Pasta Primavera
Amy
Pasta Primavera is a vibrant celebration of fresh vegetables and al dente pasta, ready in just 30 minutes. Crisp-tender broccoli, sweet bell peppers, and juicy cherry tomatoes mingle with a light, garlicky sauce for a dish that’s as colorful as it is flavorful.
Prep Time 10 minutes mins
Cook Time 20 minutes mins
Total Time 30 minutes mins
- 10 ounces penne pasta
- 2 tablespoons extra-virgin olive oil plus more for drizzling
- 4 cloves garlic sliced
- 1 yellow squash sliced into thin half-moons
- 1 zucchini sliced into thin half-moons
- 1 bunch asparagus chopped into 1-inch pieces
- 1 cup cherry tomatoes halved
- 1 cup red onion thinly sliced
- 1 teaspoon sea salt
- ½ cup frozen peas thawed
- ¾ cup grated pecorino cheese
- 3 tablespoons fresh lemon juice
- red pepper flakes
- 1 cup fresh basil leaves plus more for garnish
- ¼ cup fresh tarragon optional
- Freshly ground black pepper
Bring a large pot of salted water to a boil. Prepare the pasta according to the package instructions, cooking until al dente. Drain and toss with a drizzle of olive oil to prevent sticking.

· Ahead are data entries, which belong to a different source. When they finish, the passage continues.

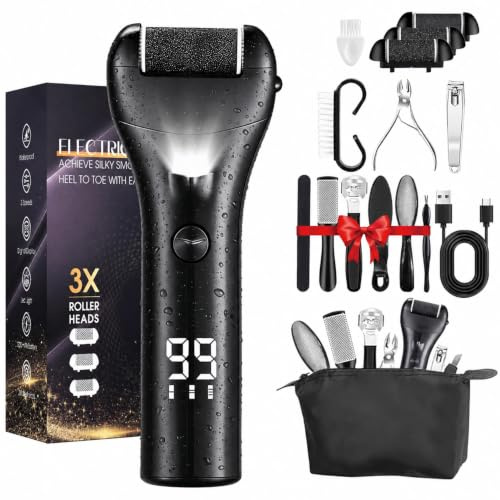 Electric Foot File for Hard Skin Remover, Rechargeable Callus Remover for Feet with 3 Replacement Roller Heads, 3 Speeds & LED Display, Waterproof Pedicure Kit, 16 in 1 Foot Care Set with Storage Bag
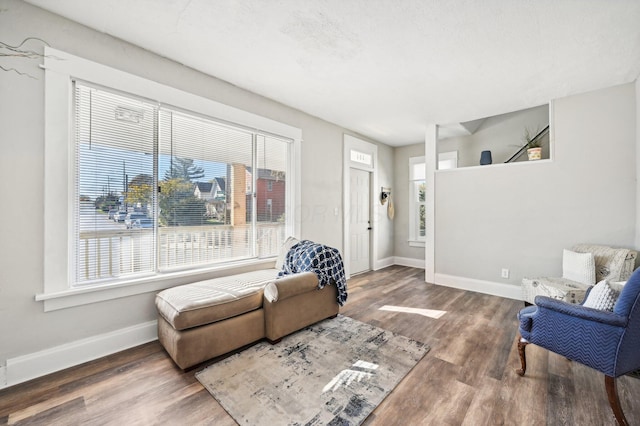 living area with hardwood / wood-style flooring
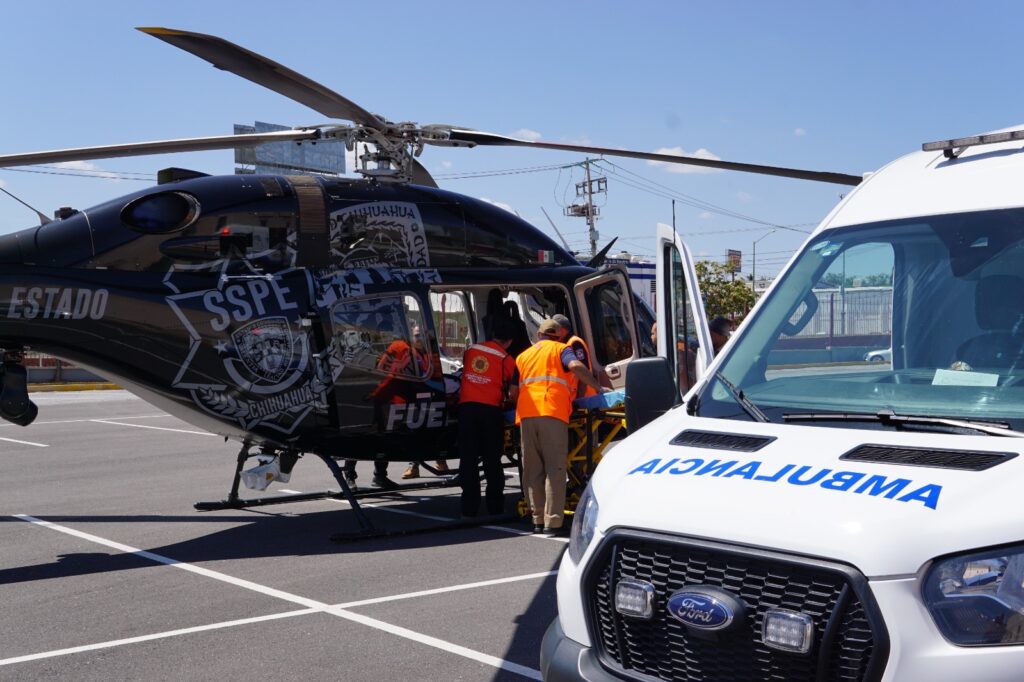 Efectúa SSPE traslado aeromédico de dos policías lesionados en Guadalupe y Calvo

Heat the oil in a large, deep skillet over medium heat. Add the garlic, squash, zucchini, asparagus, tomatoes, onion, salt, and several grinds of pepper and sauté for 3 to 4 minutes, or until the vegetables are tender.
Add the pasta, peas, cheese, lemon juice, and a pinch of red pepper flakes and toss to combine. Stir in the basil and tarragon, if using.
Season to taste, garnish with more basil, and serve.